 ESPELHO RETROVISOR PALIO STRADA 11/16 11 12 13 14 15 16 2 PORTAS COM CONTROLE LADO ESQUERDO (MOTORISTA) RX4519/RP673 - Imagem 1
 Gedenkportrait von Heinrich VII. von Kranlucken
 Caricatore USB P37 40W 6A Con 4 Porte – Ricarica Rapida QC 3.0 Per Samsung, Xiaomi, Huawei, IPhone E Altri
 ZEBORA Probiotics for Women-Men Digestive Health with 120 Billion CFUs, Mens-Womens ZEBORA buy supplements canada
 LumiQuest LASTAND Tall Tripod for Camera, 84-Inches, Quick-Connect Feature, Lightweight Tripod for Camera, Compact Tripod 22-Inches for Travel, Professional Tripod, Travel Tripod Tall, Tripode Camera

● ● ● ● ●

Assignment → Write every entry out again. Leave each one exactly as it is.

Output of the exercise →
 ESPELHO RETROVISOR PALIO STRADA 11/16 11 12 13 14 15 16 2 PORTAS COM CONTROLE LADO ESQUERDO (MOTORISTA) RX4519/RP673 - Imagem 1
 Gedenkportrait von Heinrich VII. von Kranlucken
 Caricatore USB P37 40W 6A Con 4 Porte – Ricarica Rapida QC 3.0 Per Samsung, Xiaomi, Huawei, IPhone E Altri
 ZEBORA Probiotics for Women-Men Digestive Health with 120 Billion CFUs, Mens-Womens ZEBORA buy supplements canada
 LumiQuest LASTAND Tall Tripod for Camera, 84-Inches, Quick-Connect Feature, Lightweight Tripod for Camera, Compact Tripod 22-Inches for Travel, Professional Tripod, Travel Tripod Tall, Tripode Camera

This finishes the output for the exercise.